Garden restoration work has been undertaken on several Mawson gardens; Rivington in Lancashire and The Hill in Hampstead being notable examples. Brockhole is the latest to undergo restoration. So far, this all sounds good. Restoration is a cosy word, redolent of antiques, care and consideration. But this is not the case for many gardens where ‘restoration’ more often than not means bulldozers, chainsaws and often environmental destruction back to the ‘pure’ original design. And yes, this can be justified in some cases but where do you draw the line? How pure should restoration be? How far back is it reasonable to go and is the removal of mature, healthy specimen trees justified? If we were to restore all the famous gardens of the UK back to their original plans, there wouldn’t be much to see. Most of our garden plants are introduced species and the gardens have evolved layers of interest through time. Remove all the layers at an English garden like Chatsworth, for example, and there would be no cascade, no rockery, no greenhouses, and no Brownian landscape. Just a house, a rectangular lake and some clipped box. Very…French.

Gardens evolve constantly. Plants grow, owners and their tastes change, new things are planted, some plants don’t grow where they were originally put, others grow too well. Designers realise this – they leave the client with the drawings and walk away like surrogate parents, relinquishing control, often knowing that their ‘baby’ will grow up under very different influences. Very few designs are ever implemented exactly as they are shown on the plan. Thomas Mawson, if he were alive today would be fully aware of this and would probably chuckle at the mature specimen of a monkey-puzzle that is growing handsomely in the view from the terrace. He notoriously detested monkey-puzzles, but the owners of the property planted one shortly after the garden design was completed, probably buying it from Mawson’s own nursery in Windermere. The planned garden restoration will remove this tree which has become a stunning specimen and much-loved feature in the grounds.

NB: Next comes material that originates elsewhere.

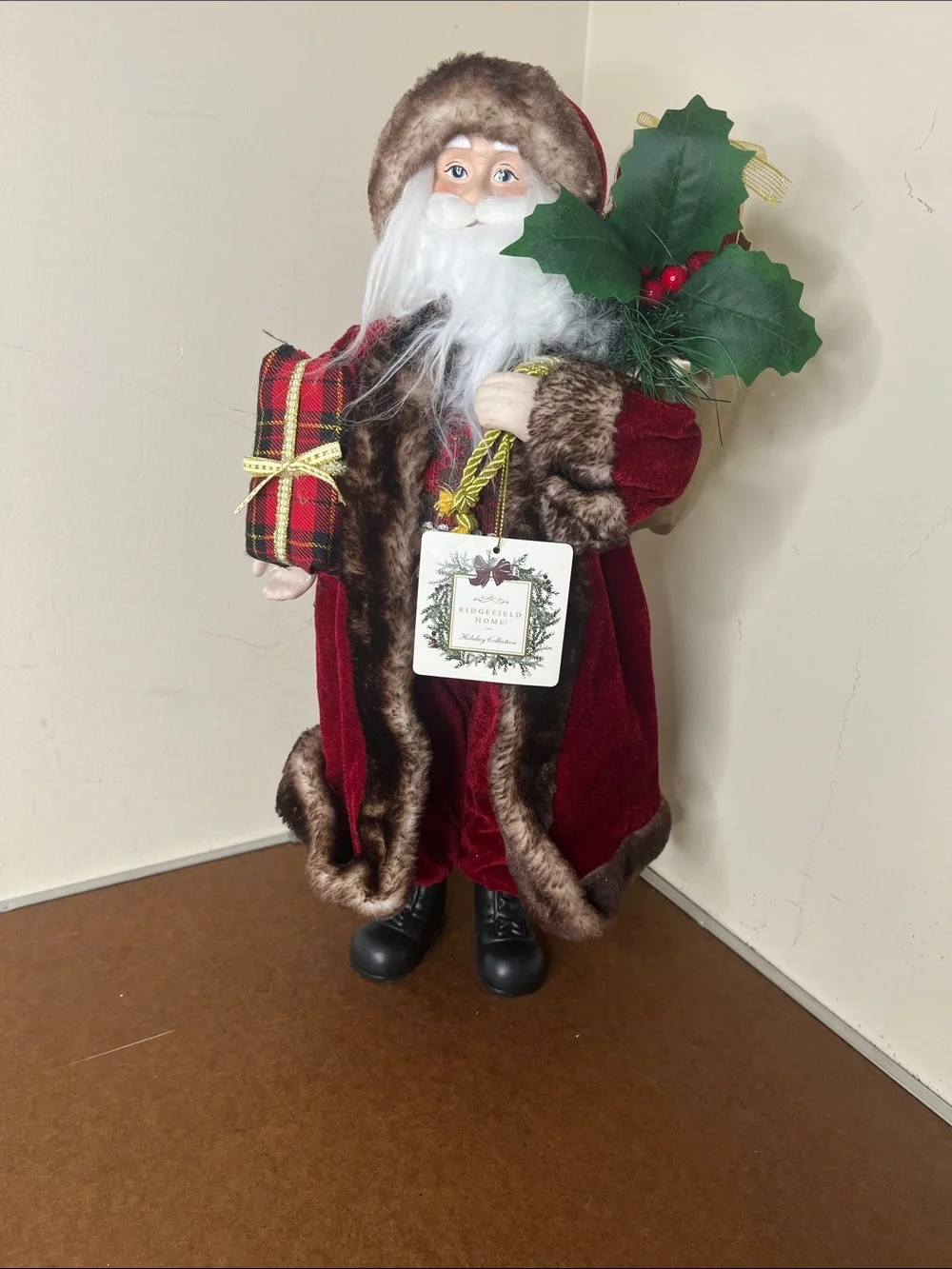 Classic Red Velvet Santa Figurine with Faux Fur Trim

Photo credit: Jonathon Denby

There is a group trying to protect the Brockhole monkey-puzzle and I too believe that it should stay. It is testament to the nature of clients, personal taste and the fashions of the time. It is contemporary with the design and has grown into a mature, statuesque tree. To fell it or any other tree just because the purity of a design will be compromised, is wrong. A more holistic approach to restoration that accepts some elements of change, respects the views of the public and the integrity of the environment as a whole should be taken.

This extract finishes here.